Kinder müssen teils monatelang auf Schwimmkurse warten

dpa/lsw Stuttgart. In Baden-Württemberg ist ein Kampf um die Wasserfläche entbrannt. Denn es gibt immer weniger Bäder. Die Folge: Wer seinem Kind einen Schwimmkurs ermöglich will, muss mit langen Wartezeiten rechnen.

Kinder müssen teils monatelang auf Schwimmkurse warten

Ein Kind nimmt an einem Schwimmkurs teil. Foto: Rolf Vennenbernd/Archivbild

Marode, geschlossen oder überfüllt: Experten sehen ein wachsendes Problem darin, dass es immer weniger Bäder in Baden-Württemberg gibt und die Bäder weniger Zeiten zum klassischen Schwimmenlernen reservieren. Mittlerweile müssen Eltern und Kinder zum Teil länger als ein Jahr auf einen Schwimmkurs warten. Für den Unterhalt von Bädern sind eigentlich die Kommunen zuständig. Die aber rechnen mit weiteren Bäderschließungen und erwarten vom Land eine finanzielle Unterstützung für Sanierungen. Das wurde am Donnerstag bei einer Anhörung im Bildungsausschuss des Landtags deutlich.

Die Schwimmverbände und der Verband DLRG fragten in diesem Sommer unter etwa 250 Vereinen, wie lange man dort auf die Teilnahme an einen Schwimmkurs warten muss. Das Ergebnis: Rund 40 Prozent gaben an, dass es bei ihnen Wartezeiten gebe, die länger als ein Jahr seien. Jeweils 30 Prozent gaben Wartezeiten von 6 bis 12 Monaten beziehungsweise von bis zu 3 Monaten an. Der Geschäftsführer des Badischen Schwimm-Verbandes, Holger Voigt, erklärte, es gebe zu wenig Wasserfläche zum Schwimmenlernen. Dabei spiele die Schließung von Bädern eine Rolle, aber auch der Trend zur Wassergymnastik und zu anderen Angeboten in Bädern, die Wasserfläche blockierten.

Kultusministerin Susanne Eisenmann (CDU) hatte zu dem Thema kürzlich die Ergebnisse einer Umfrage veröffentlicht. Demnach gibt es an rund einem Viertel der Grundschulen im Land keinen Schwimmunterricht - vor allem deshalb, weil kein Bad in der Nähe ist. Eisenmann ist aber auch der Meinung, dass es Aufgabe der Eltern ist, Kindern das Schwimmen beizubringen. „Die Schule ist dafür zuständig, Schwimmen zu üben.“ So hatte die Bildungsgewerkschaft GEW wiederholt darüber geklagt, dass ein großer Teil der Grundschulkinder nicht schwimmen könne.

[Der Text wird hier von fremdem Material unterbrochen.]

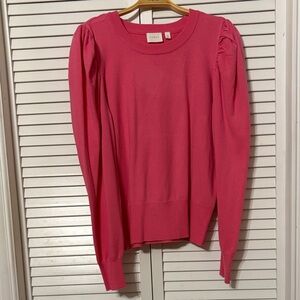 Cyrus Hot Pink Puff Sleeve Sweater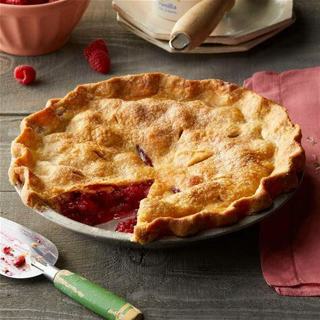 red raspberry pie recipe card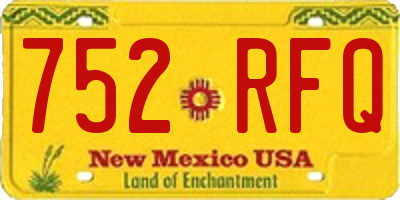 NM license plate 752RFQ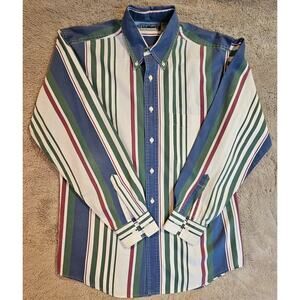 LL Bean Vintage  1980's Button Down Shirt, Striped, Mens Sz S, 100% Cotton, Rare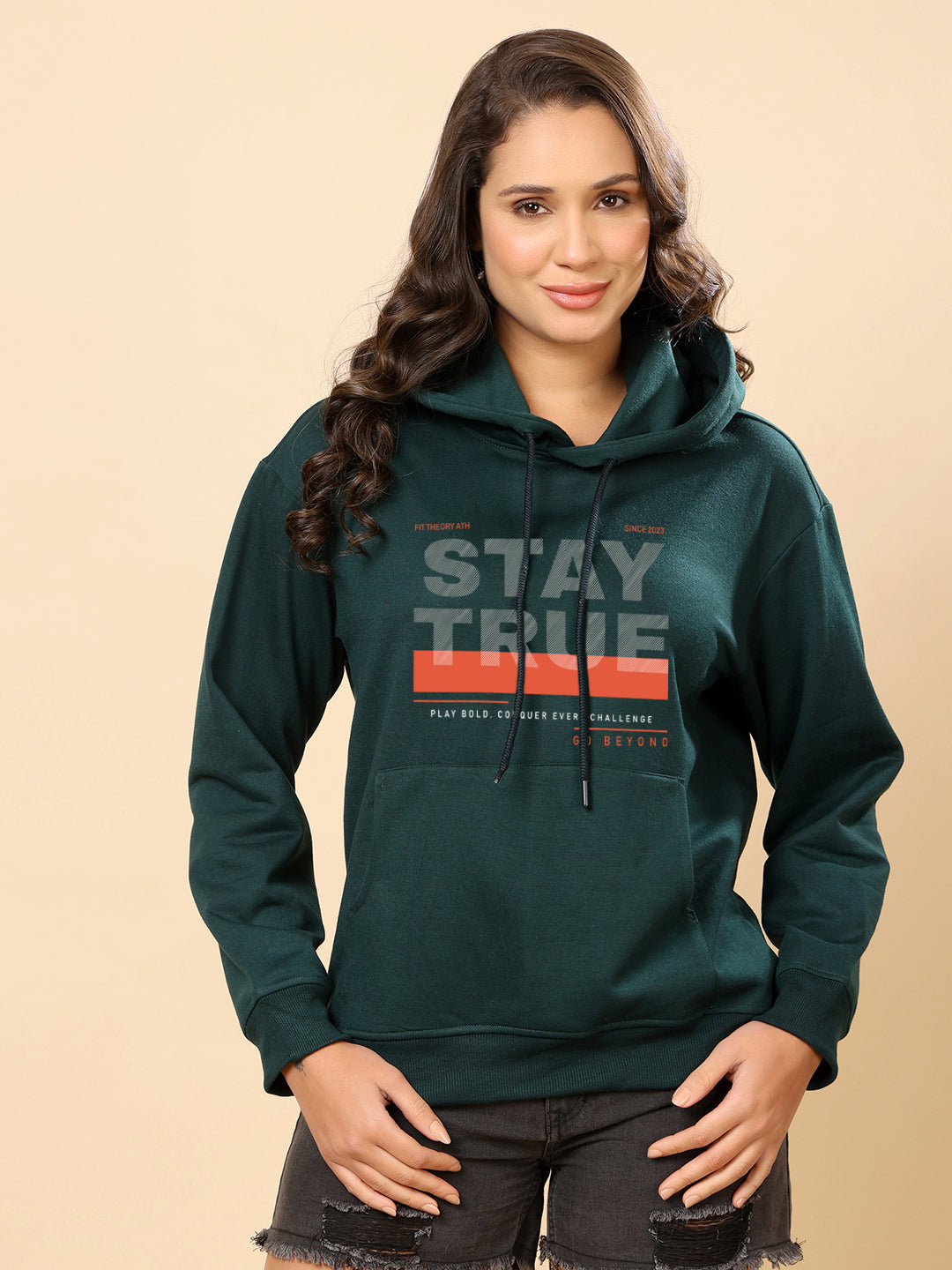 Women Relaxed Fit Hooded Sweatshirt-Bottle Green Stay True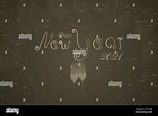 Feliz año Nuevo - 2022. Letras en colores dorados con confeti y copas ...
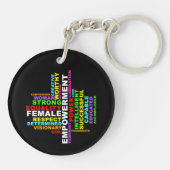 Strong Woman Word Cloud Schlüsselanhänger (Rückseite)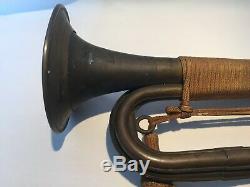WW II 2 Imperial Japanese Army Military bugle Brass Trumpet Shingunrappa antique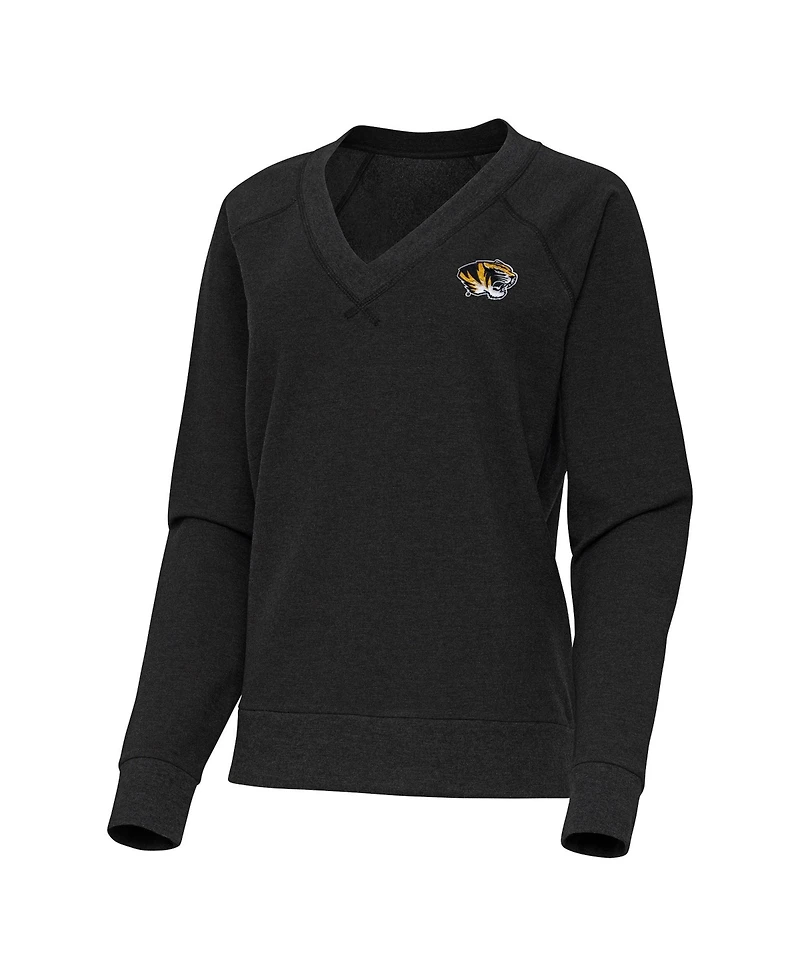Antigua Women's Heather Black Missouri Tigers Varsity V-Neck Tri-Blend Pullover Sweatshirt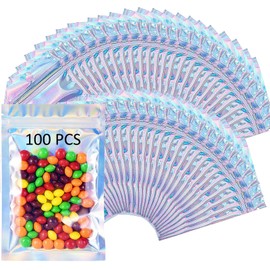 Bolsas Hermeticas de 100 Piezas, Bolsas Holográficas Resellables, Aluminio por Ambos Lados, Bolsas Pouch Transparentes para Dulces, Accesorios, Aperitivos, Joyería,Cosméticos y Más,14 x 20cm(Colorido)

Wie die Vizepräsidentin des DLRG Württemberg, Ursula Jung, sagte, beobachtet der DLRG seit Jahren, dass die Zahl der sicheren Schwimmer abnimmt, während die Zahl der Ertrunkenen steigt. Im vergangenen Jahr kamen nach DLRG-Angaben in ganz Deutschland 71 Kinder durch Ertrinken ums Leben. Jung vermutete, dass die abnehmende Zahl von Bädern dabei eine Rolle spielen könnte: Im Jahr 2007 habe es noch rund 8000 Bäder in ganz Deutschland gegeben, 2018 seien es nur noch rund 5000 gewesen. In Baden-Württemberg gibt es derzeit noch rund 900 Bäder.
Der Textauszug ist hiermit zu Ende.